So I have a question for all of you more experienced with reptiles and raising feeders. 
I have 3 BPs right now, and will keep the hatchlings they breed next year. I am considering breeding feeders, and want to know the cost of this before I start. There are many helpful threads in ASF, RATS, MICE, and OTHER FEEDERS, but I didn't find a specific answer to this question:
How much does it cost per rat (normal or ASF) per month? And how many babies can I expect of feeding size per cost of feeding the rats? I believe I read they eat .83 lb of food a month each, and at $28 for 50lb bag, I think 4 females and 1 male would cost 
5 rats * .83 lbs= 4.15 lbs
4.15 lbs* $0.56/lb =$2.32/ month to keep 5 rats.
If gestation is 21 days, and about litter of 7 (or 10 for ASF), assuming 2 rats become preg, it should be 14-20 babies every month, and I don't know how fast they grow up!! 
So here is where I need some help from the pro's. I want to euthanize and freeze them between weanlings and medium size, so does this take a month? two?
if one month: 20 rats ~$9.28 + $2.32(breeders) = $0.60 to raise each rat ready as a feeder! compared to $4 at local pet store.
If two months: 20 rats ~ $23.2 (including breeders) =$1.16 to raise each rat to feeding size. 

please- this is all speculative math: I wanted to see how much it really cost per rat, and how long it takes for baby rats to grow to weanling size, and how long to medium size? Do they eat more in this time? Does it take longer for ASF to grow to the same size? I would rather keep them because of the smell-- how long does it take an ASF to grow up?

I'm not at all worried about being overrun- because I am feeding the others F/T and it sounds really appeasing to have an unending storehouse of cheap frozen food for them. Plus I could separate the colony if it becomes too much still. I have all the materials, so start-up costs are not a factor, and I read somewhere that you can use shredded newspaper as a substrate, if you are willing to change it out more often.

Thank you all so much for your help.

----------


## JD Constriction

It's definitely cheaper in terms of sheer cost to breed your own feeders (assuming they consistently reproduce)....the problem, atleast for me, is TIME...and how much your time is worth.

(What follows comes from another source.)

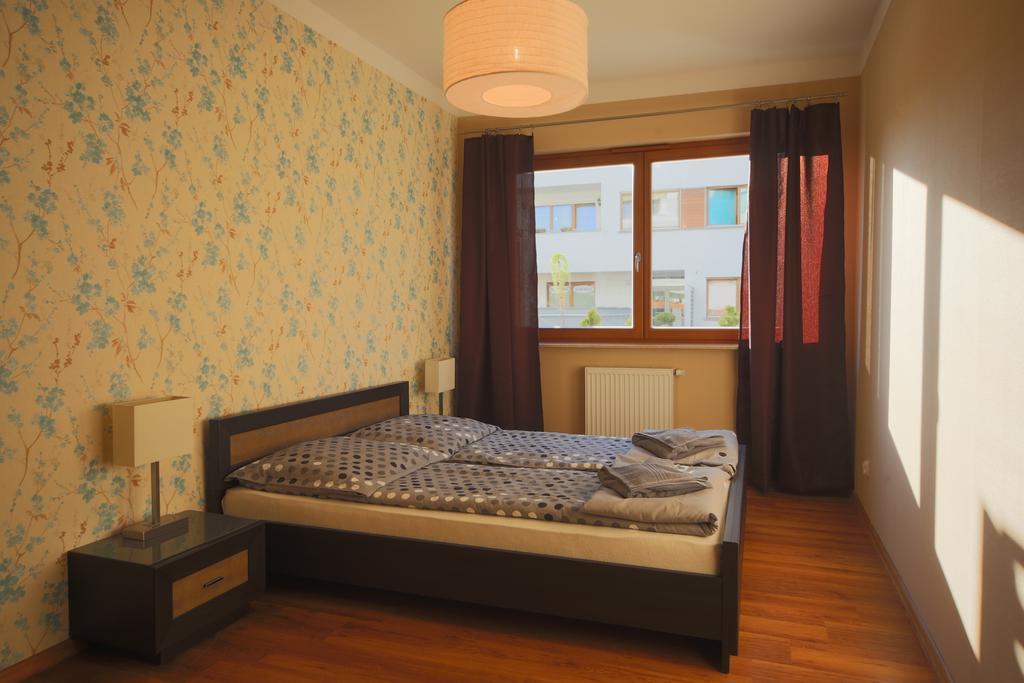Apartment Anker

The more rodents you breed the more of your time it takes to keep them going.  Cleaning rat bins regularly, changing out waters, rotating boys/girls, pulling babies, running to buy food, freezing feeders, etc.

I spend probably 4 hours per week minimum on ~30 breeder rats and ~30 breeder mice.  Some weeks it's just easier to buy F/T from a rodent supplier but other times it is well worth it  :Smile: 

I'd say start with a small colony and see how you like it....if it fits just expand  :Smile: 

Hope that helps.

----------


## AndrewGeibel

One of our members here did a great comparison on cost and such and for the life of me I cannot remember who. I know there was also a schedule of what it takes to breed to have rats consistently. I'm sure someone will post it up. I currently have 3 snakes and breed my own rats. I can tell you right now that I do not save money. It costs me more. However I enjoy breeding the rats and I know that my snakes get the healthiest feeders I can give them.

----------


## Stewart_Reptiles

My cost this year (Bedding + Food) $466.54 which allowed me to produce 1320 feeders ($0.35/feeder)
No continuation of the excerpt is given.